Описанная творческая методика была особенно продуктивна в отношении литературных текстов, которые писатель использовал в качестве материала для своей работы. Суть приема заключалась в том, чтобы «очищать» предмет исследования для созерцания идеального первообраза. Таинства собственной практики Ремизов приоткрыл во время работы над «Огнем вещей»: «У Достоевского — мысленная перевязь действий: в „Скверном анекдоте“ есть такая перевязь в несколько страниц, а по времени — полминуты. А чтобы выделить эти „мысли“, как принято выделять стихи, не попробовать ли напечатать без знаков препинания (что было бы и ближе к действительности, ведь непрерывность в ней без передышки — мысли думаются, передумываются и задумываются)?»[117] Действующий в сфере чистого воображения художник при помощи игры свободной фантазии измышлял ряд признаков заданного предмета, варьировал и изменял («вертел» и «перебрасывал»[118]) его совершенно произвольно (на сторонний взгляд), добавлял к нему новые характеристики или лишал старых, в результате чего сам исходный предмет становился одной из возможных вариаций.
В повести «По карнизам» описан аналогичный процесс творческого осмысления «чужого» текста: «Потом на меня напало то, что бывает со мной, когда я много пишу. Мне пришла на память „программа“ из рассказа Шишкова, и я стал ее мысленно вертеть — как на бумаге, выписывая буквы только в воздухе, букву за буквой…»[119] Основная цель заключалась в том, чтобы уловить неизменность варьируемых признаков — то, что Гуссерль называл «свободной вариацией фантазии». Когда образ как бы перерастал самое себя, когда «сквозь конкретную индивидуальность образа» можно было увидеть «его целостную силу, остающуюся той же самой, хотя и скрывающуюся в тысячах форм», наступал момент репрезентации — отображения его идеальной сущности[120].
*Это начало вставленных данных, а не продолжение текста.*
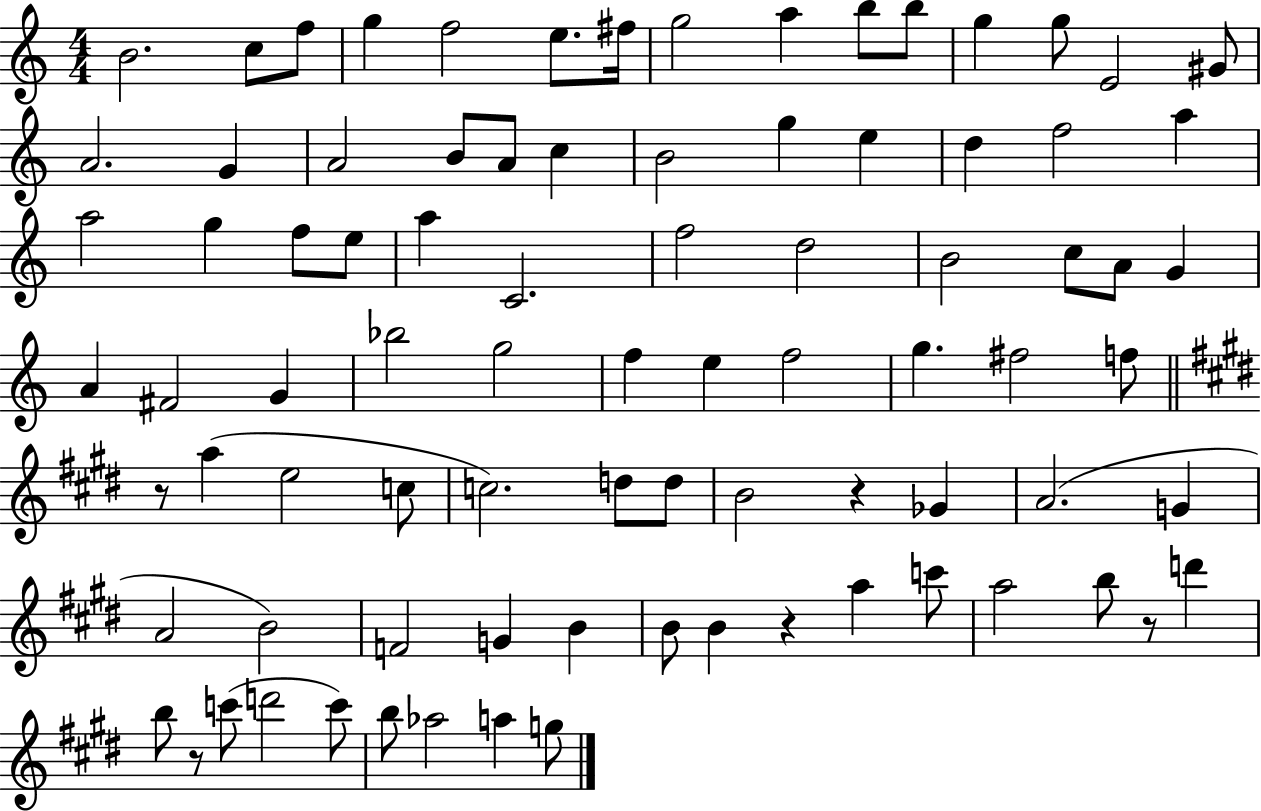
B4/h. C5/e F5/e G5/q F5/h E5/e. F#5/s G5/h A5/q B5/e B5/e G5/q G5/e E4/h G#4/e A4/h. G4/q A4/h B4/e A4/e C5/q B4/h G5/q E5/q D5/q F5/h A5/q A5/h G5/q F5/e E5/e A5/q C4/h. F5/h D5/h B4/h C5/e A4/e G4/q A4/q F#4/h G4/q Bb5/h G5/h F5/q E5/q F5/h G5/q. F#5/h F5/e R/e A5/q E5/h C5/e C5/h. D5/e D5/e B4/h R/q Gb4/q A4/h. G4/q A4/h B4/h F4/h G4/q B4/q B4/e B4/q R/q A5/q C6/e A5/h B5/e R/e D6/q B5/e R/e C6/e D6/h C6/e B5/e Ab5/h A5/q G5/e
Утверждение ремизовского интерсубъективизма происходило через развитие способности принимать на себя образ другого. Писатель был уверен в том, что именно так и создавались бессмертные произведения: «В каждом человеке, сознание не одного, а многих, живет не один образ и не одно подобие. Творчество, источник которого боль и тоска, „слеза Господня“, есть воссоздание этих образов и подобий, неладных друг с другом, спорящих и враждующих. Воссоздание же в художественном произведении не описание кого-то, а непрямая форма исповеди: пишут только о себе с себя — „всякий не может судить, как по себе“ (Достоевский). <…> Отбор литературного материала совершается не наугад, что под руку попало. И что это значит, что на чем-то остановилось мое внимание? Да это встреча и память о прошлом. То же и с воспоминанием из прочитанного: ведь лезет в голову что-то одно, определенное, а все другое, казалось бы не менее интересное, стерлось. <…> Самое недостоверное исповедь человека. Достоверно только „непрямое“ высказывание, где не может быть ни умолчаний по стыдливости, ни рисовки „подымай выше“. И самое достоверное в таком высказывании то, что неосознанно, что напархивает из ничего, без основания и беспричинно, а это то самое, что определяется словом „сочиняет“»[121].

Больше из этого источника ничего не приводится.